George C. Ludlow, for respondent.
VAN FLEET, V. C. The facts material to the decision of this case are free from dispute. They are established by the agreement of the parties. A copartnership which was composed of John S. Clark and George Berdine, and which did business under the name of Clark & Berdine, is in course of liquidation by a receiver appointed by this court on the 1st day of September, 1891, under a bill filed by Berdine against Clark on the 23d day of July, 1891. The administration of the partnership estate has reached a stage where an order has been made directing the receiver to pay a dividend of 50 per centum on such of the claims of the partnership creditors as have proved their debts before him. The respondent, Margaretta C. de Mott, claims to be a creditor of the firm, and has proved a claim, as such creditor, for over $5,000. The petitioners deny that she is a creditor of the firm as to the particular debt in question, and dispute her right to a dividend. The point in contest is whether or not she is a creditor of the firm. The respondent's claim has this foundation: On the 4th day of September, 1891, a national bank located at New Brunswick, N. J., held three promissory notes, each payable four months after date, made by Clark & Berdine on the dates and for the sums following: The first, April 13, 1891, for $1,000; the second, May 16, 1891, for $3,000; and the third, June 30, 1891, for $1,000. On that day-September 4, 1891—John S. Clark, one of the members of the firm, in the words of the state of the case agreed upon, "with money which Mrs. De Mott then loaned and advanced to him, purchased of the bank, for himself, the three notes, he paying to the bank the whole amount due on them; and the bank delivered to him the three notes, and he thereupon took and held them as his own individual property." Mr. Clark continued to hold the notes until the 18th day of April, 1892, when he sold and assigned them to the respondent. Her purchase was made in good faith, for full value, and in the belief that the title she would get would be perfect, though she knew that a receiver had been appointed. When Mr. Clark obtained the notes, it will be observed, a receiver had been appointed, and one of the notes was overdue, but the other two had some time yet to run. All three were, however, past due when they were sold to the respondent.
The question which the facts just stated raises is, was Mr. Clark's transaction with the bank, so far as it affected the rights of the creditors of the partnership, a purchase or a payment?
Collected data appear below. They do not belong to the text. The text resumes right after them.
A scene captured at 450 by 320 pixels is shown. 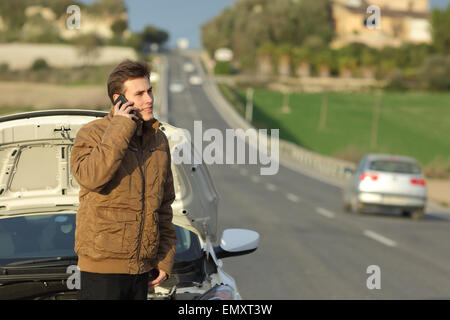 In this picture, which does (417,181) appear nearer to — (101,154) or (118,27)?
(101,154)

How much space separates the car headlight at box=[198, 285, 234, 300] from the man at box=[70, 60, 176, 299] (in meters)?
0.40

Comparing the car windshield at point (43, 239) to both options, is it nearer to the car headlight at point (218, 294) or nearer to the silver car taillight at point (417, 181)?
the car headlight at point (218, 294)

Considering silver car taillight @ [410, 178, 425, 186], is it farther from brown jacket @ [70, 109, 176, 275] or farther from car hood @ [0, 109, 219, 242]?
brown jacket @ [70, 109, 176, 275]

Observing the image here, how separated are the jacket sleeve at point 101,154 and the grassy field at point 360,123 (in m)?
44.8

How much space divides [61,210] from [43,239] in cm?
87

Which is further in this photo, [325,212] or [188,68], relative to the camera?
[188,68]

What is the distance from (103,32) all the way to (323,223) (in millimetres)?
184281

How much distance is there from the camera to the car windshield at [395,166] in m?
20.8

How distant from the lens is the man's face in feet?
12.1

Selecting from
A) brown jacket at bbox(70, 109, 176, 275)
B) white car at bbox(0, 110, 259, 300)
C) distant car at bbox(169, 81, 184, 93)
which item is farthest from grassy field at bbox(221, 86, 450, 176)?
brown jacket at bbox(70, 109, 176, 275)

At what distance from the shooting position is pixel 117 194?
355 centimetres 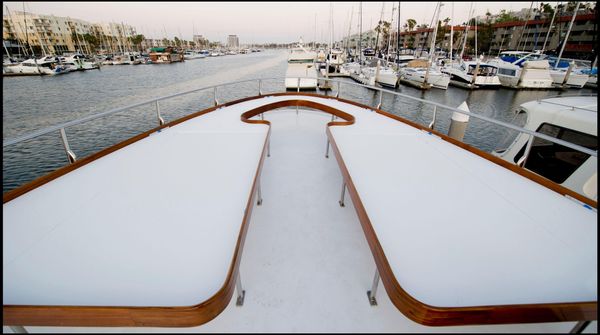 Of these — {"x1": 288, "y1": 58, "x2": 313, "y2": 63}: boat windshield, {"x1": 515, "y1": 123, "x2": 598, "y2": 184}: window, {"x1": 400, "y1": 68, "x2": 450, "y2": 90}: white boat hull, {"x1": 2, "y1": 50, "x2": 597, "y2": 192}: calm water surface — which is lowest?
{"x1": 2, "y1": 50, "x2": 597, "y2": 192}: calm water surface

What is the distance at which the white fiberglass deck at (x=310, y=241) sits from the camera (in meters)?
1.56

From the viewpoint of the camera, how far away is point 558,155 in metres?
4.61

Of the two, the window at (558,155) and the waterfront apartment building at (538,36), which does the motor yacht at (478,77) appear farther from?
the window at (558,155)

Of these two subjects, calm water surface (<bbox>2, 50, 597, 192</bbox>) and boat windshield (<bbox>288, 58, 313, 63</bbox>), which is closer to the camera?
calm water surface (<bbox>2, 50, 597, 192</bbox>)

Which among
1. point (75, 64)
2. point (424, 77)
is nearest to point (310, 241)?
point (424, 77)

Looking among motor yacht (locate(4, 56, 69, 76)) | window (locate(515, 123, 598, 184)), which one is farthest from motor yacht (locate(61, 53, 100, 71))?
window (locate(515, 123, 598, 184))

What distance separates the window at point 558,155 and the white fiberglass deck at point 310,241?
7.96 ft

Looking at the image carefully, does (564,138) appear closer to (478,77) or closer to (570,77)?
(478,77)

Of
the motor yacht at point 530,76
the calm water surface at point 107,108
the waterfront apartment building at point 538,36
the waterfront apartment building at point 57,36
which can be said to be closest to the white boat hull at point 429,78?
the calm water surface at point 107,108

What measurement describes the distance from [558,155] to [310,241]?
15.9 ft

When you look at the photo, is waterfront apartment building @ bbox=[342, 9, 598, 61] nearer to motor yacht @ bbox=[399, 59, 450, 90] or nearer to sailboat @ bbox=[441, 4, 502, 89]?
sailboat @ bbox=[441, 4, 502, 89]

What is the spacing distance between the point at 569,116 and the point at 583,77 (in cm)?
3179

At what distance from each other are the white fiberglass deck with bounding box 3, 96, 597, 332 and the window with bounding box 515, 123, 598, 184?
243 centimetres

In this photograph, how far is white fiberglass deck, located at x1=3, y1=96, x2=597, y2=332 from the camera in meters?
1.56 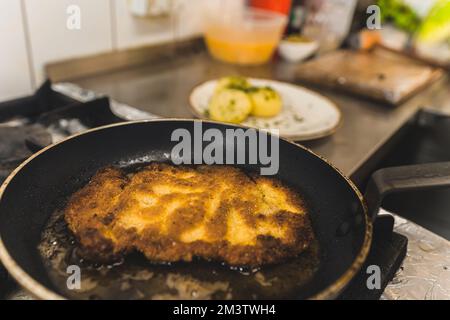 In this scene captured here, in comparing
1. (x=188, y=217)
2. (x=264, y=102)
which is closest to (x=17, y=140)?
(x=188, y=217)

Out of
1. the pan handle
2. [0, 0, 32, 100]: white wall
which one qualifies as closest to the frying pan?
the pan handle

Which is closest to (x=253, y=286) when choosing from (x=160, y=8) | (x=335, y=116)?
(x=335, y=116)

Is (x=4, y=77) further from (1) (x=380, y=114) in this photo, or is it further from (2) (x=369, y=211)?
(1) (x=380, y=114)

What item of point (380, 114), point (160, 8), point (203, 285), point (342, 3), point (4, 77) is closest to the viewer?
point (203, 285)

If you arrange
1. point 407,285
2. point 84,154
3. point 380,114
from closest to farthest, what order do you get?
point 407,285 < point 84,154 < point 380,114

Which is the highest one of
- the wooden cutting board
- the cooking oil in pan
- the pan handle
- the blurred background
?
the blurred background

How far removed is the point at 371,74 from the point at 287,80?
0.35 metres

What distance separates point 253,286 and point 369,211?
0.23 meters

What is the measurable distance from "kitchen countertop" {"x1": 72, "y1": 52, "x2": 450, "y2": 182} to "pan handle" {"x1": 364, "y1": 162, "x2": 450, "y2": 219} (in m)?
0.34

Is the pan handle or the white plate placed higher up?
the pan handle

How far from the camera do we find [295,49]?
1848 mm

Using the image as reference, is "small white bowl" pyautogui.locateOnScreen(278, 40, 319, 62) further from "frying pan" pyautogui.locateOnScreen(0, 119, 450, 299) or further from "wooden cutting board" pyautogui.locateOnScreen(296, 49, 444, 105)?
"frying pan" pyautogui.locateOnScreen(0, 119, 450, 299)

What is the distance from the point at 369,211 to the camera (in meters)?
0.65

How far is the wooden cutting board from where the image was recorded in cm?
148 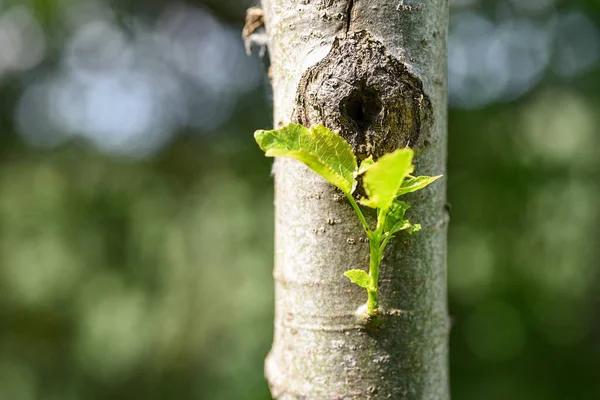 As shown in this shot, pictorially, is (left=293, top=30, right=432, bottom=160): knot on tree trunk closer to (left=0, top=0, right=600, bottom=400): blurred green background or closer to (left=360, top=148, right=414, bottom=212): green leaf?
(left=360, top=148, right=414, bottom=212): green leaf

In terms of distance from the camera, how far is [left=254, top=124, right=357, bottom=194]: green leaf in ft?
1.18

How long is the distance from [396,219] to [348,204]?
42mm

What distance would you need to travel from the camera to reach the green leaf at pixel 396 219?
389mm

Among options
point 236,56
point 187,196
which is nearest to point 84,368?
point 187,196

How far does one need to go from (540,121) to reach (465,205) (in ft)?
1.88

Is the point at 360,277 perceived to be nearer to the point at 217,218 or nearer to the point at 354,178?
the point at 354,178

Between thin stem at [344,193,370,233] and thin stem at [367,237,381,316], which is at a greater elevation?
thin stem at [344,193,370,233]

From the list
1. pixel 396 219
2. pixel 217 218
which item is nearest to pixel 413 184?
pixel 396 219

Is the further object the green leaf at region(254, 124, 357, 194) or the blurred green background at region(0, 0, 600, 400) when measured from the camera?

No matter what his intentions were,—nay, in spite of them, —was not the transaction in its legal essence, so far as the rights of the creditors of the partnership were concerned, a payment and not a purchase? The facts admitted sweep a way every atom of ground, as I think, on which a claim could be based that Mr. Clark, in the transaction, acted as the agent or trustee of the respondent. The money he used was his. True, the respondent had loaned it to him, but she did so on his credit, voluntarily and understanding, without fraud or artifice of any kind, so that the title he acquired to the money by the loan was as perfect as it could be. The state of the case declares that he purchased the notes for himself, and held them as his own individual property; and when the respondent came to deal with him in respect to them she made no claim or pretense that they were her property, but, by her purchase and the payment of full value, admitted, in the strongest possible manner, that they were his. So that the case, as it now stands, is entirely destitute of the least ground on which relief can be extended to the respondent, either as cestui que trust, or by investing her, by subrogation, with the rights of the creditor whose debt was paid with the money which she had loaned.
The debt which the bank held, and which the state of the case says Mr. Clark purchased, was a debt for which he was both jointly and severally liable. Partnership debts are regarded and treated in equity as both joint and several. Story, Partn. § 362; Story, Eq. Jur. § 676; Wisham v. Lippincott, 9 N. J. Eq. 353; Greene v. Butterworth, 45 N. J. Eq. 738, 739, 17 Atl. Rep. 949. If the debt in question had been the several, individual debt of Mr. Clark, for which no other person was in any way liable, it would be a plain abuse of language to say that Mr. Clark, in giving his creditor the money for it, purchased it. A debtor may pay his debt, but he cannot purchase it, so as to preserve it as a living chose in action against himself. He cannot be both the creditor of himself and a debtor to himself. For a man to stand in such a relation to himself, in individualright and duty it would be necessary that the law should, for such a purpose, make two men out of one,—to transform a single indivisible unit into two separate, independent, and complete beings. Such a transformation is just as impossible in law as it is in physics.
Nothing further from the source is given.